La nuit au pied du dortoir

Publié le par Guillaume

La société profonde chinoise reste très conservatrice, notamment sur les mœurs. Elle reste néanmoins peu perceptible de l’extérieur, cachée par les premiers signes d’émancipation de la jeunesse branchée.

Tous les soirs à la nuit tombante, c’est le même rituel à hohai daxue* (université). Au pied des dortoirs des filles, des étudiants hommes font le pied de grue, jetant un regard furtif dans le hall d’entrée pour savoir si leur dulcinée veuille bien les rejoindre. Les couples à l’écart, profitant des endroits les moins éclairés,  s’embrassent ou se tiennent tendrement. Avec pudeur et discrétion. Tous les gestes attentionnés sont réfléchis afin d’éviter d’attirer l’attention. Ils épient le regard de l’autre craignant que leur relation soit jugée immorale. Du haut de mon cinquième étage (comprendre quatrième pour les européens), la scène me paraît amusante et m’interroge. Pourquoi tant de précaution ? Le poids des mœurs est-il toujours aussi pesant ? Il le semblerait. L’histoire de Nancy, une chinoise qui travaille comme taxi girl (comprendre prostituée) dans les bars et discothèques à expatriés, et parfaitement bilingue, illustre ce conservatisme ambiant. Alors qu’elle était étudiante, elle entretient une relation sexuelle avec un des étudiants de son campus. Tombant enceinte, le garçon en question ne reconnaît pas l’enfant. « J’avais le choix entre le garder ou me faire avorter.
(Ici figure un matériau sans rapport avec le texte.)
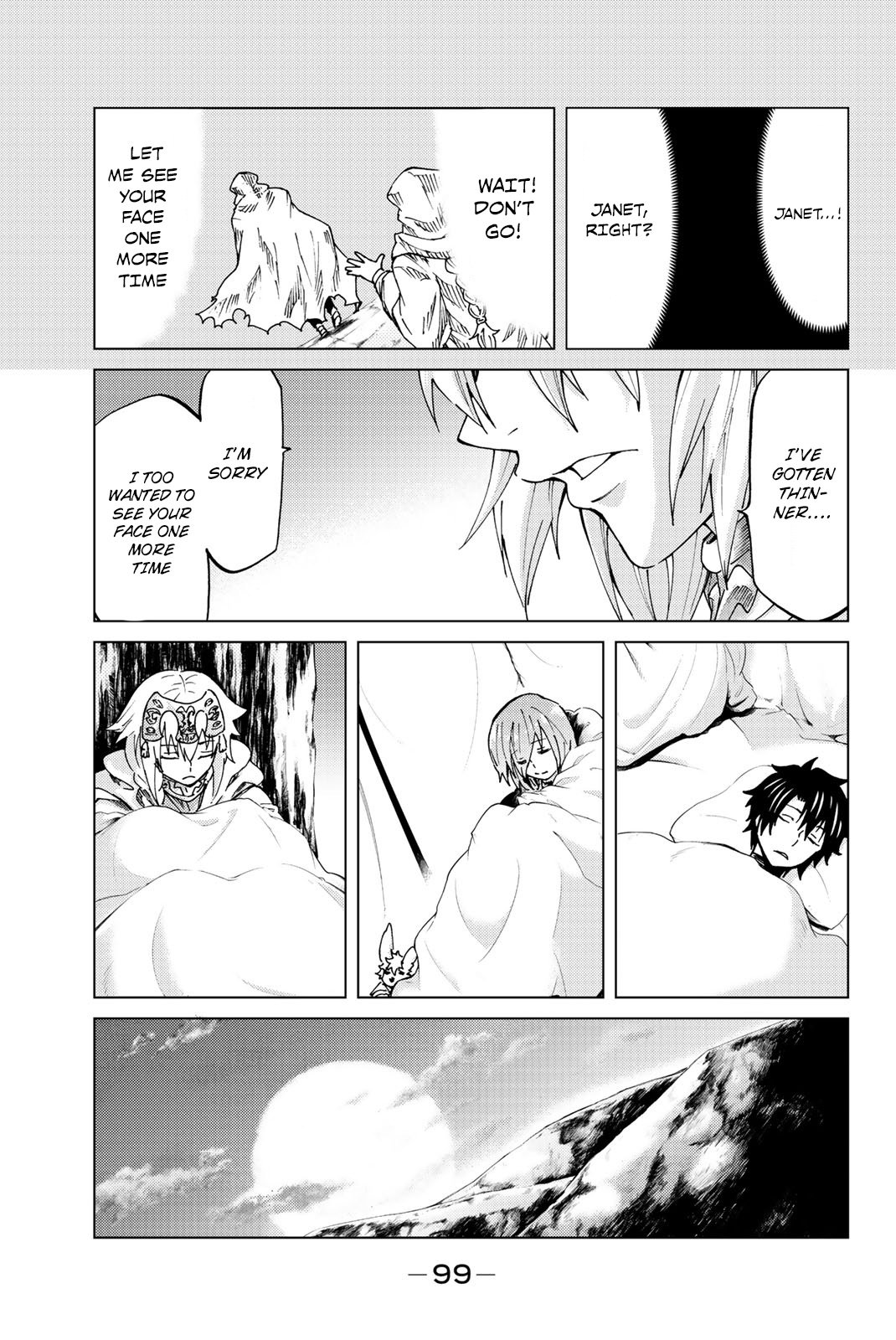 Fate/Grand Order -turas réalta- chapter 7 page 27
J’ai préféré le garder », explique-t-elle rapidement. Elle doit alors se confronter au regard et à la déception de sa famille. « Une mère célibataire s’est mal vue, même condamnée dans le cercle familiale ». Nancy se voit dans l’obligation d’arrêter ses études et de trouver un travail, privée du soutien financier de sa famille et qui refuse de l’aider à élever son enfant (la politique de l’enfant unique a donné à l’enfant une valeur quasi-sacré, il est l’objet de toutes les attentions tant auprès de ses parents que de ses grands-parents). Un nouvel obstacle s’impose à elle : les boulots qu’elle trouve lui permettent tout juste de joindre les deux bouts. Et puis… elle choisit de devenir prostituée. L’argent circule. « La compagnie des laowai n’est pas désagréable et je fréquente les riches du coin ». Et lui laissant tirer la conclusion : « Il faut bien bouffer ».

* Veuillez m'excuser je ne peux pas mettre les tons. Pour la prononciation daxue : mettre un ton descendant sur le a, et ascendant sur le e.